● **Problem**
What you return should be the full listing, word for word, without a single image.

● **Input records**
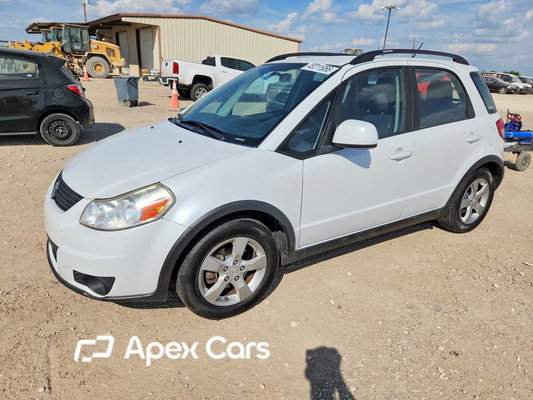 Suzuki SX4 2012 - Zdjęcie 1 z 12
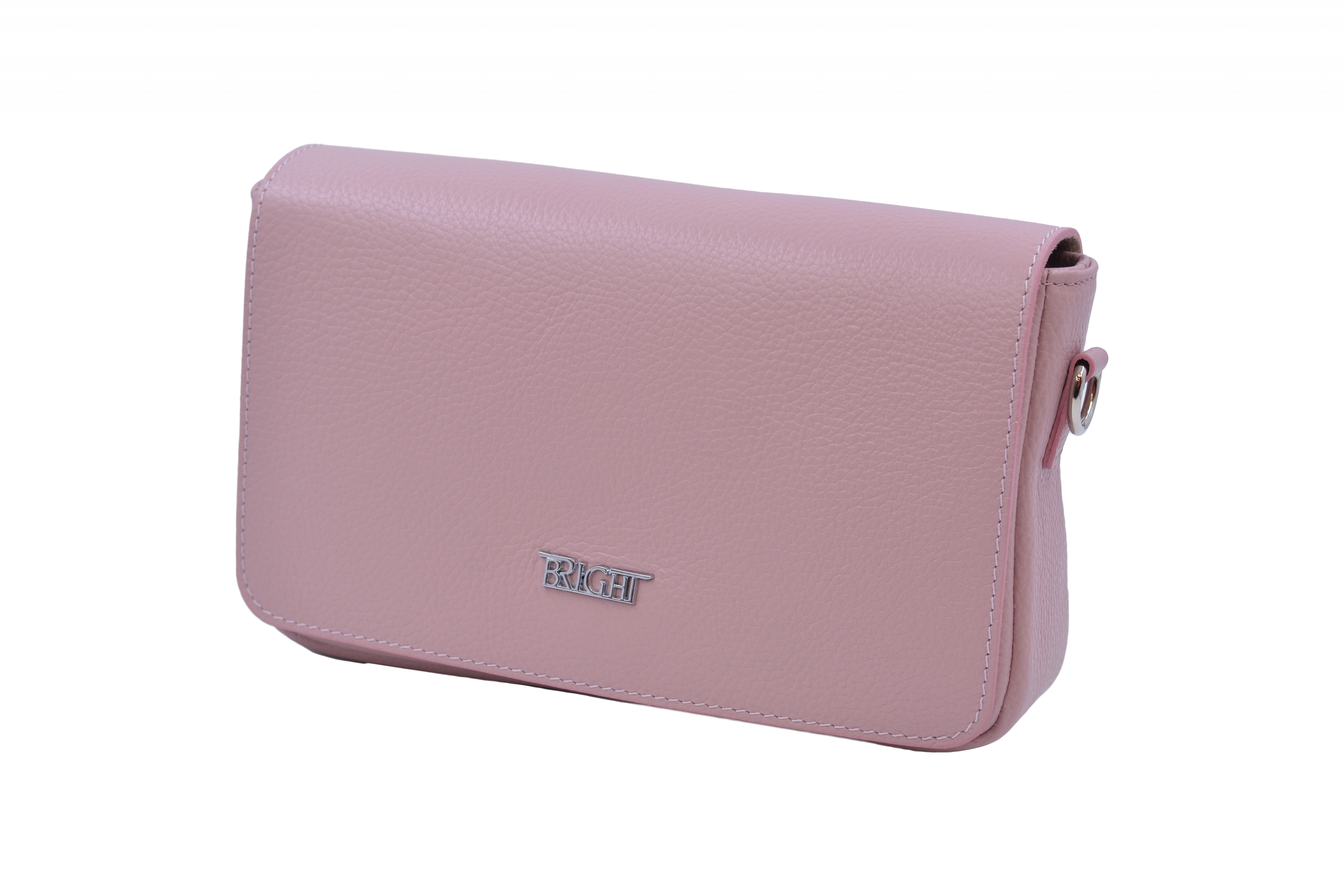 Levně BRIGHT Dámská kabelka Lila, 27 x 8 x 17 (XBR25-MR4141-91DOL)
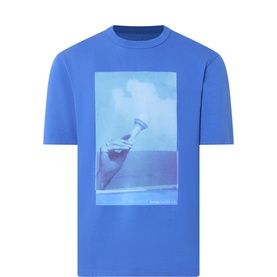 Scoop Logo Graphic T-Shirt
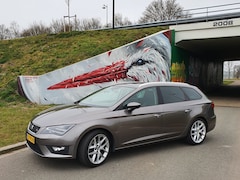 SEAT Leon ST - 2.0 TDI FR Business 135kW/184PK Multilink Business Full Op incl pano s-dak & trekhaak afnb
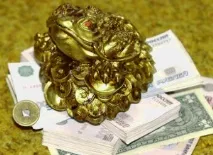 Талісман на гроші та удачу, грошовий талісман із рун на гроші ― Допомога в бізнесі, сімейних та талісман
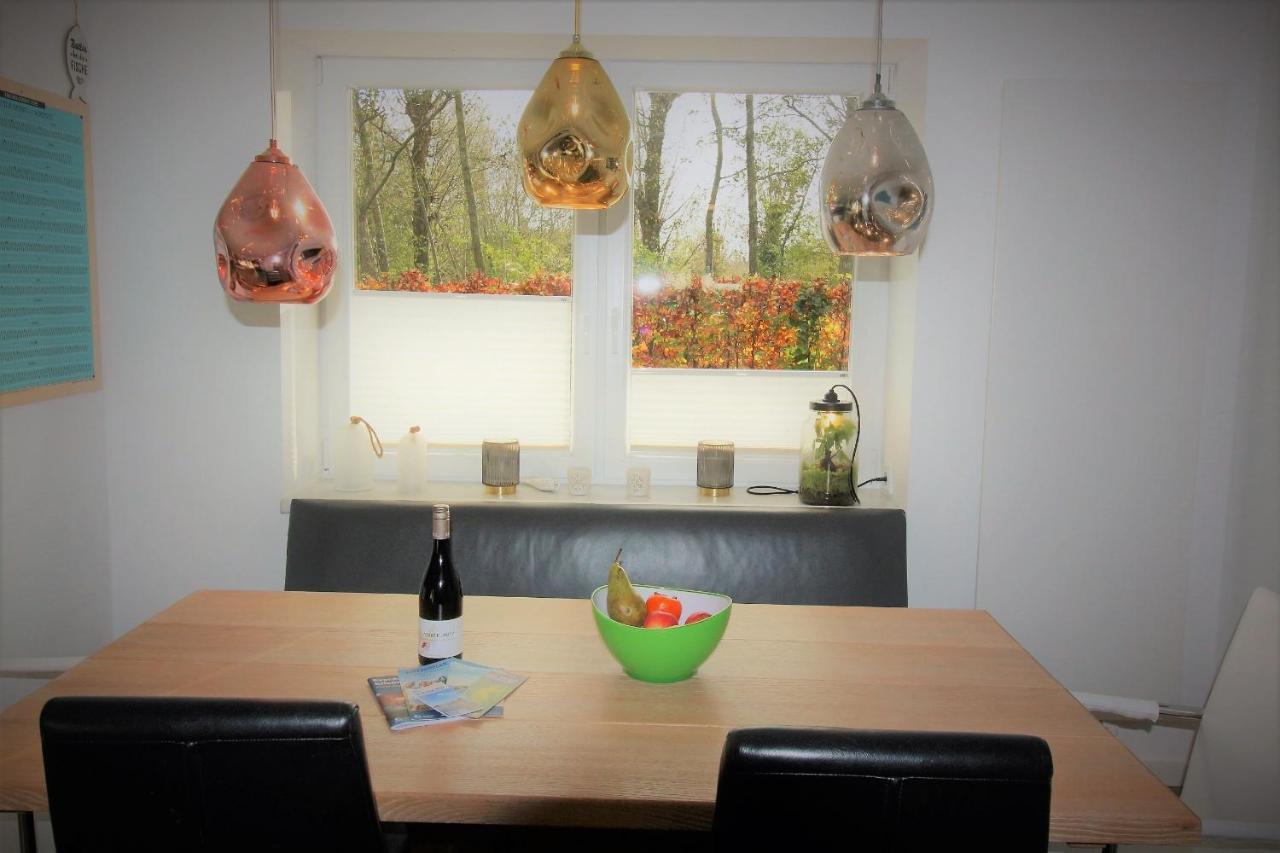 Ferienhaus "Zum Haifisch" Sankt Peter-Ording Ngoại thất bức ảnh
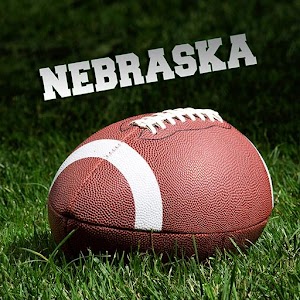 Schedule Nebraska Football logo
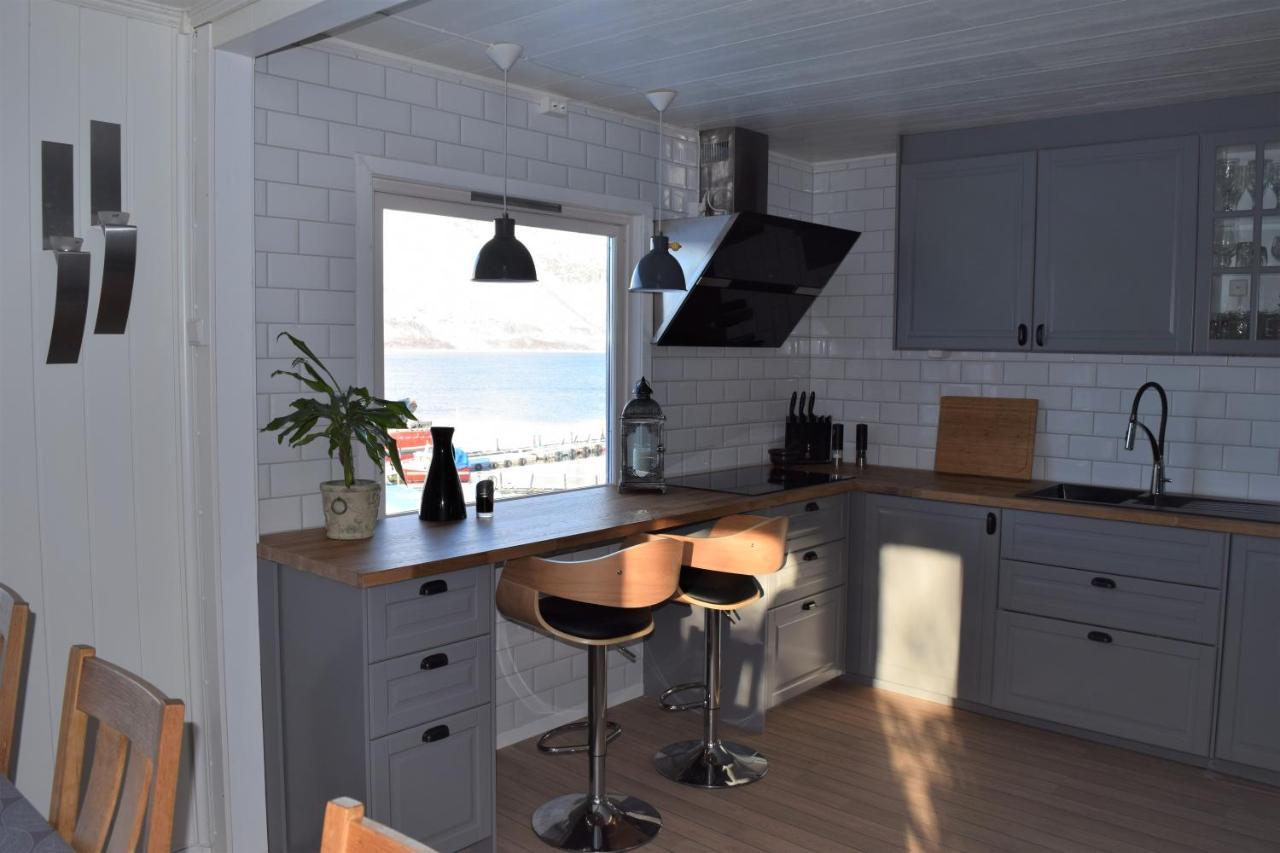 Captains House Hamneide Bagian luar foto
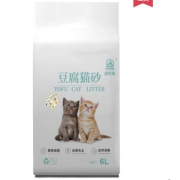 猫特勒  无尘结团猫砂 6L 8.8元包邮（需用券）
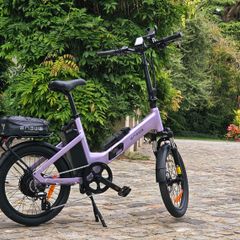 ENGWE O20 Boost 1350W Peak - Legal eBike 26 km, As New
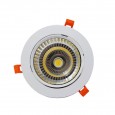 Downlight LED Empotrable 25W 120º - CCT- Color Seleccionable Area-led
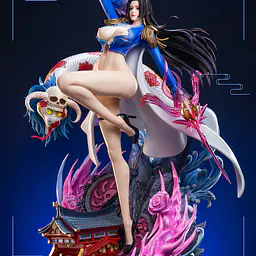 Dragon - Boa Hancock 19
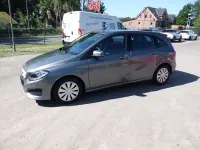 Gebraucht Mercedes B180 109 PS (80 kW) 2017 Mountaingrau  met. Van / Kleinbus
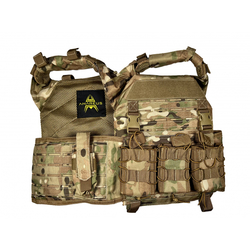 SPIDER Modular Plate Carrier "MPC" - MC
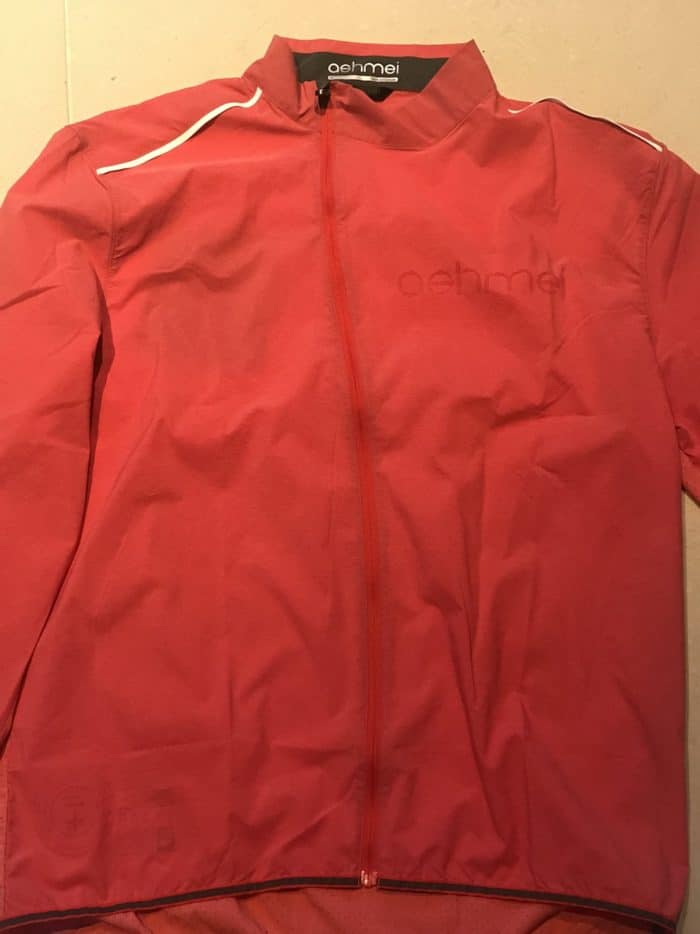 ashmei Lite Jacket
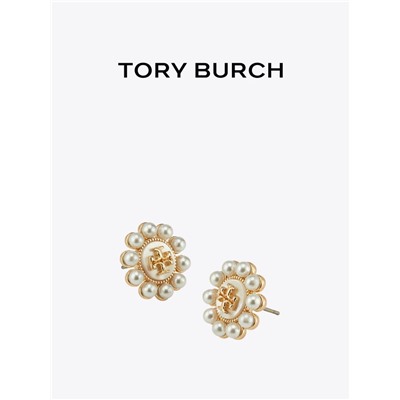 ОРИГИНАЛ!!! Серьги Tory Burch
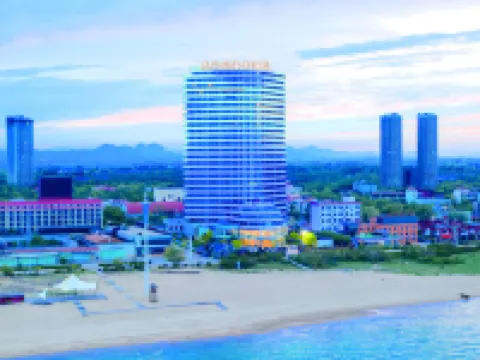 Longhuayuan Ocean View Hotel Hotels in Qinhuangdao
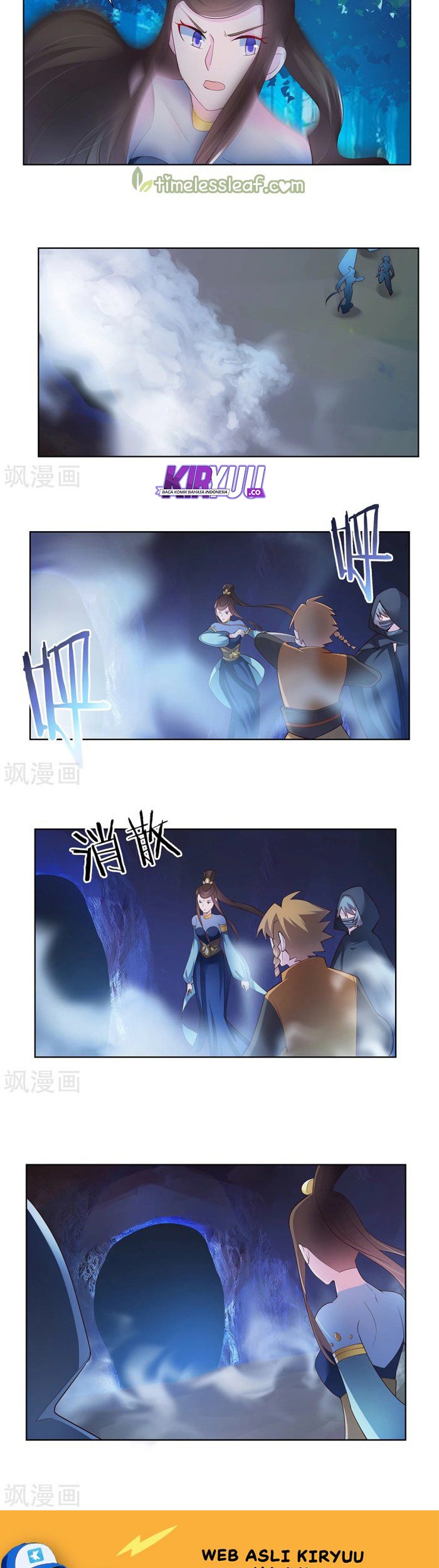 Above All Gods Chapter 39 Gambar 5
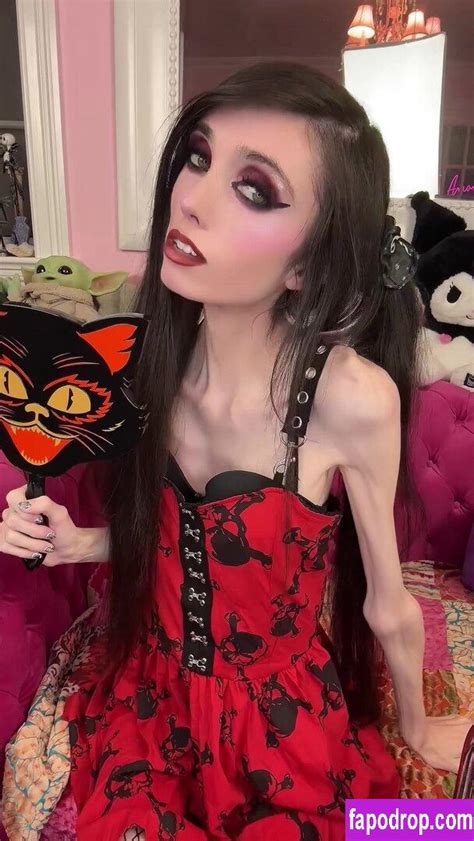 eugenia cooney nude|Eugenia Cooney As Of Today In A Single Screenshot (NSFW)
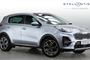 2020 Kia Sportage 1.6T GDi ISG GT-Line S 5dr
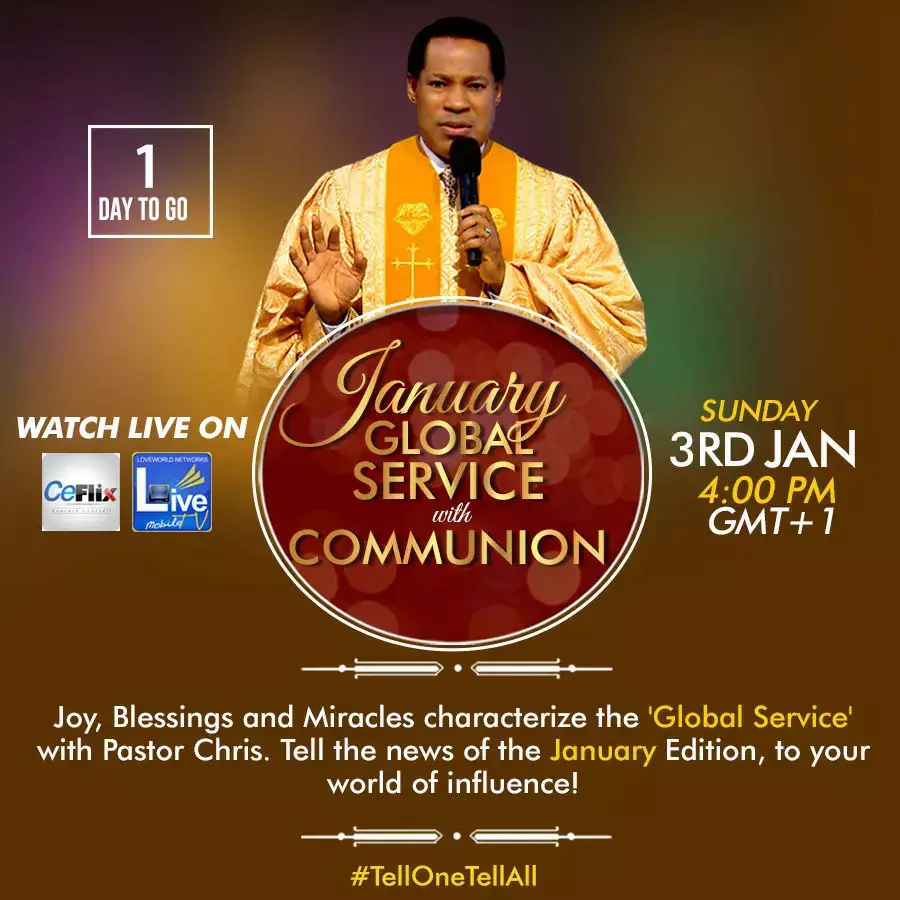 Pastor Bamidele avatar picture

● **Result of this exercise**
 Suzuki SX4 2012 - Zdjęcie 1 z 12
 Levně BRIGHT Dámská kabelka Lila, 27 x 8 x 17 (XBR25-MR4141-91DOL)
 Scoop Logo Graphic T-Shirt
 SEAT Leon ST - 2.0 TDI FR Business 135kW/184PK Multilink Business Full Op incl pano s-dak & trekhaak afnb
 Талісман на гроші та удачу, грошовий талісман із рун на гроші ― Допомога в бізнесі, сімейних та талісман
 Ferienhaus "Zum Haifisch" Sankt Peter-Ording Ngoại thất bức ảnh
 Schedule Nebraska Football logo
 Captains House Hamneide Bagian luar foto
 猫特勒  无尘结团猫砂 6L 8.8元包邮（需用券）
 ENGWE O20 Boost 1350W Peak - Legal eBike 26 km, As New
 Downlight LED Empotrable 25W 120º - CCT- Color Seleccionable Area-led
 Dragon - Boa Hancock 19
 Gebraucht Mercedes B180 109 PS (80 kW) 2017 Mountaingrau  met. Van / Kleinbus
 SPIDER Modular Plate Carrier "MPC" - MC
 ashmei Lite Jacket
 ОРИГИНАЛ!!! Серьги Tory Burch
 Longhuayuan Ocean View Hotel Hotels in Qinhuangdao
 Above All Gods Chapter 39 Gambar 5
 eugenia cooney nude|Eugenia Cooney As Of Today In A Single Screenshot (NSFW)
 2020 Kia Sportage 1.6T GDi ISG GT-Line S 5dr
 Pastor Bamidele avatar picture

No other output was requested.